Menanti Perda Pesantren

Menanti Perda Pesantren

“Oleh: Syamsul Yakin Dosen Magister KPI FIDIK UIN Syarif Hidayatullah Jakarta, Wakil Ketua Umum MUI Kota Depok dan Pengasuh Pondok Pesantren Darul Akhyar Parung Bingung Kota Depok

Kita gembira dengan terbitnya Undang-Undang Republik Indonesia Nomor 18 Tahun 2019 tentang Pesantren. Tak hanya itu, dua tahun berikutnya giliran Gubernur Jawa Barat mengeluarkan Peraturan Daerah (Perda) Provinsi Jawa Barat Nomor 1 Tahun 2021 Tentang Fasilitasi Penyelenggaraan Pesantren. Perda Pesantren ini diklaim sebagai yang pertama di Indonesia.

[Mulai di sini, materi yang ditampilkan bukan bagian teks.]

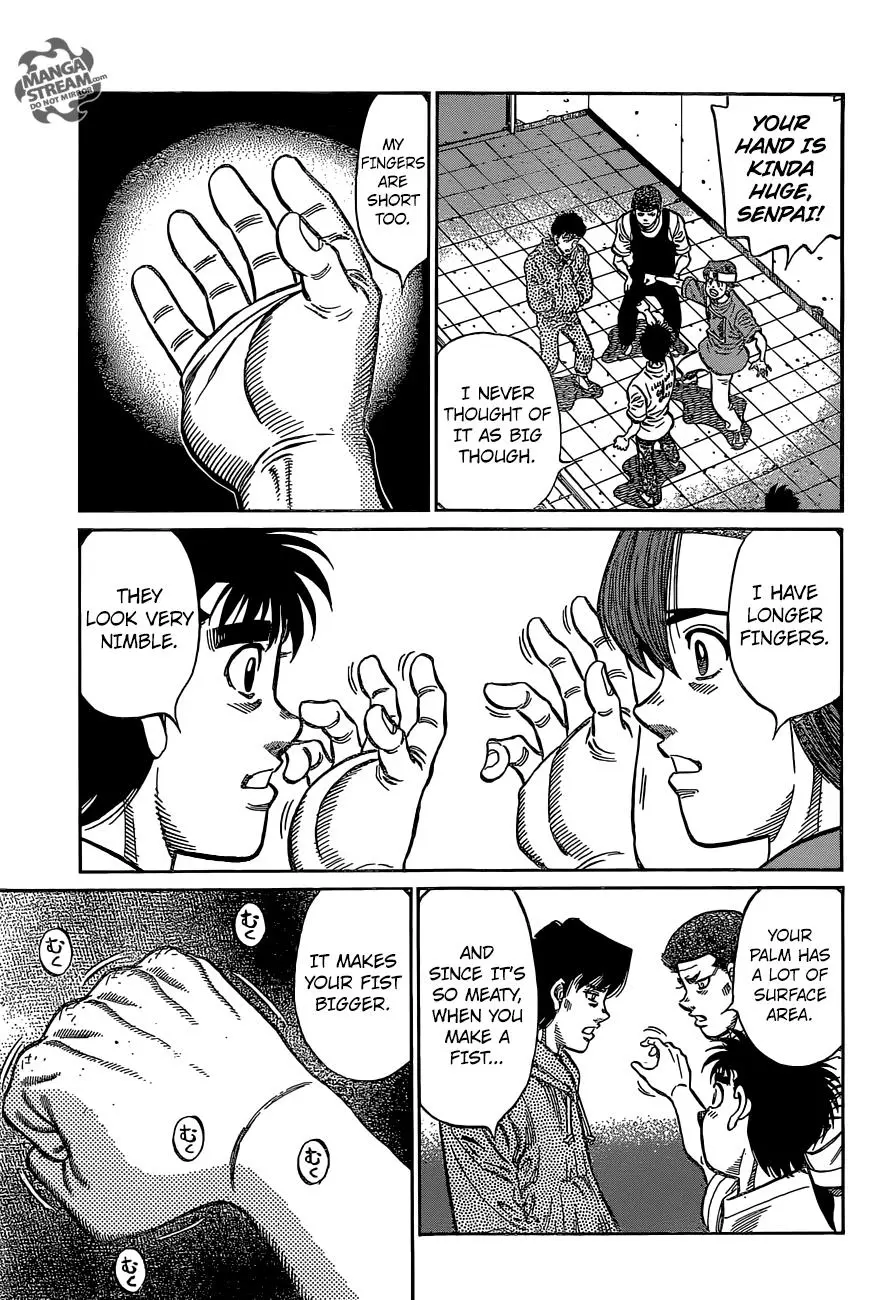 Read Hajime No Ippo - Chapter 1131 - www.hajimenoippomanga.org | Image 8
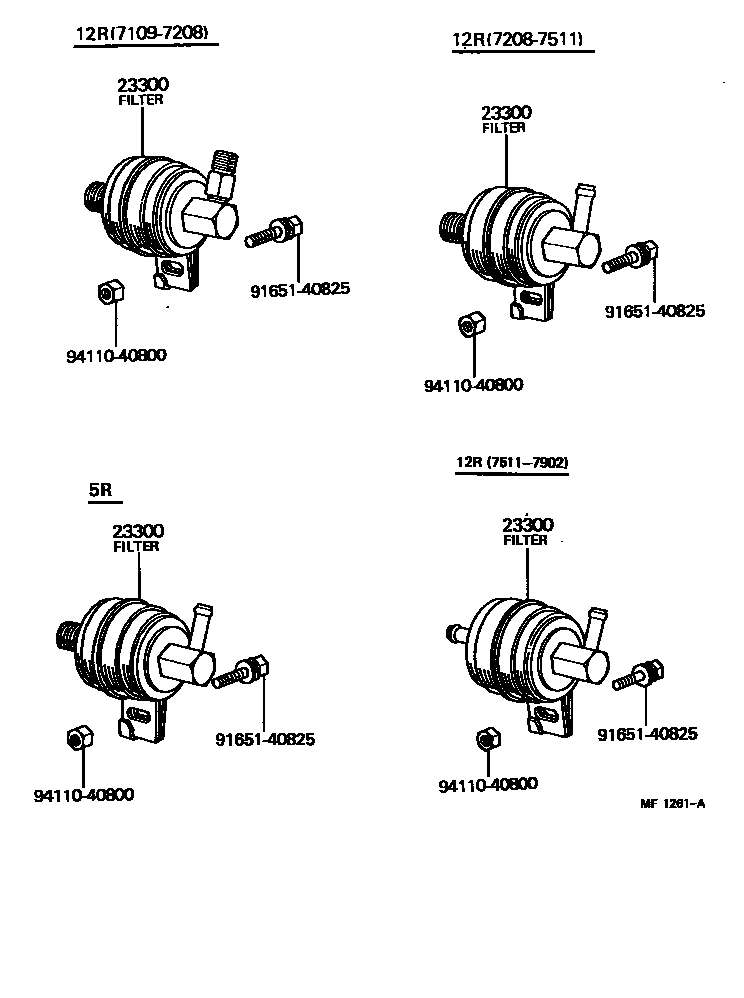 2302 — FUEL FILTER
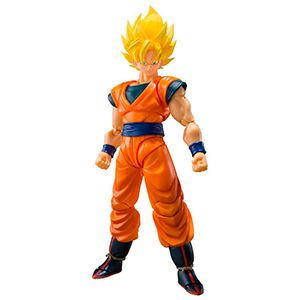 Figura Dragon Ball Z: Son Goku Super Saiyan Full Power de 14 cm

Dalam Perda ini, yang dimaksud dengan Fasilitasi Pesantren adalah fasilitasi sarana dan prasarana pendidikan, sarana dan prasarana penunjang, sarana dan prasarana sumber daya manusia, dan sarana dan prasarana peribadatan. Selain Fasilitasi Pesantren diatur juga soal Rekognisi Pesantren dan Afirmasi Pesantren. Artinya, ketiganya akan diberikan kepada pesantren sesuai aturan.

Dalam Undang-Undang Republik Indonesia Nomor 18 Tahun 2019 Pasal 48 diungkapkan Pemerintah Pusat membantu pendanaan penyelenggaraan pesantren melalui Anggaran Pendapatan dan Belanja Nagara (APBN). Sementara Pemerintah Daerah juga membantu pendanaan penyelenggaraan pesantren melalui Anggaran Pendapatan dan Belanja Daerah (APBD).

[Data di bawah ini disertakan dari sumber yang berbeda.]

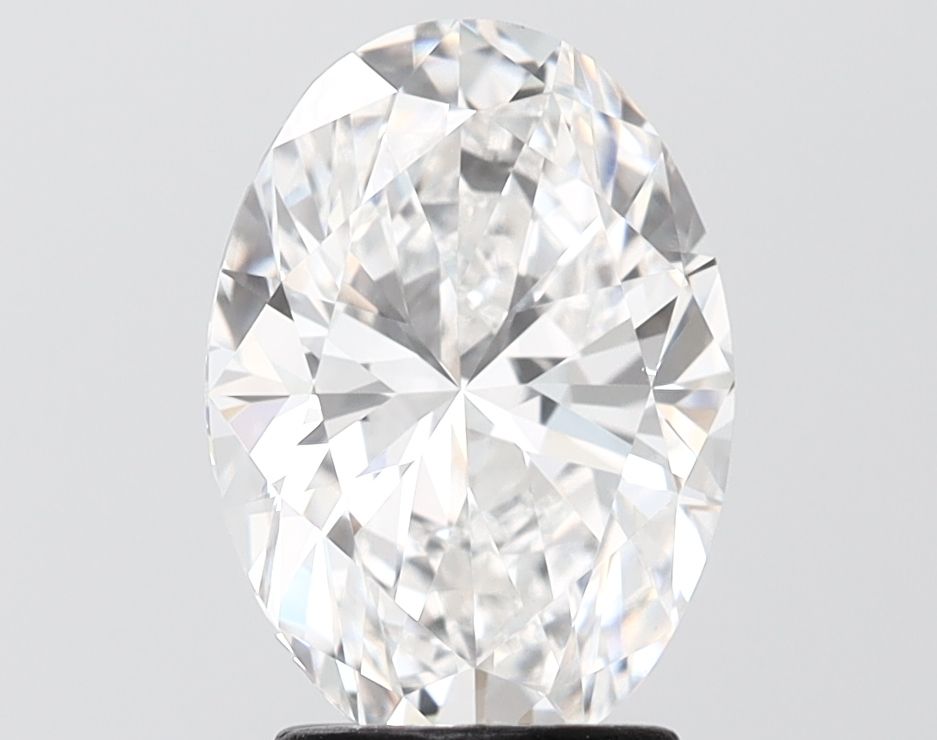2.70 ct. oval Lab Grown Diamond front image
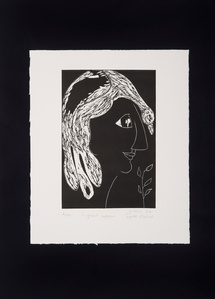 Les linogravures - Gravures par Sophie Pigeon - Artiste Sculpteur à Lacanau France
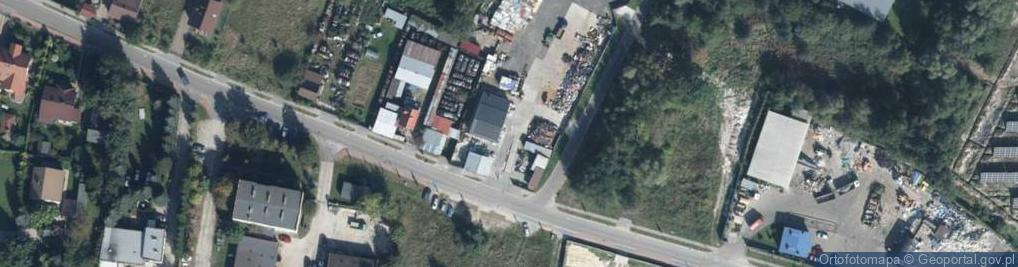 Zdjęcie satelitarne Petera Janusza ul.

Bagi Pemerintah Daerah (Pemda) baik kabupaten maupun kota berpeluang untuk membuat Perda turunan dari Perda Gubernur pada masing-masing provinsi, seperti Jawa Barat. Dalam konteks ini, misalnya, Perda Pesantren yang dikeluarkan oleh Walikota Depok yang isinya menyangkut penyuluhan, pemberdayaan, dan bantuan untuk pesantren di Kota Depok.

Bagi pesantren, dengan terbitnya payung hukum pesantren secara berlapis mulai dari Undang-Undang Republik Indonesia Nomor 18 Tahun 2019, Perda Provinsi, dan Perda Kabupaten/Kota, maka kedudukan pesantren dipandang sama dengan satuan pendidikan formal yang sudah lebih dulu diatur oleh pemerintah pada tingkat pusat maupun daerah. Keuntungan pesantren berlapis-lapis.

Pertama, pesantren diberikan akses dan pengakuan sesuai dengan kapasitas santri. Kedua, peran pesantren dalam ikut mencerdaskan kehidupan bangsa diakui. Ketiga, pesantren sebagai institusi yang bervisi keislaman dan keindonesiaan diapresiasi. Inilah yang dalam Peraturan Daerah (Perda) Provinsi Jawa Barat Nomor 1 Tahun 2021 disebut dengan Rekognisi Pesantren yang implementasinya diatur dalam Peraturan Gubernur (Pergub).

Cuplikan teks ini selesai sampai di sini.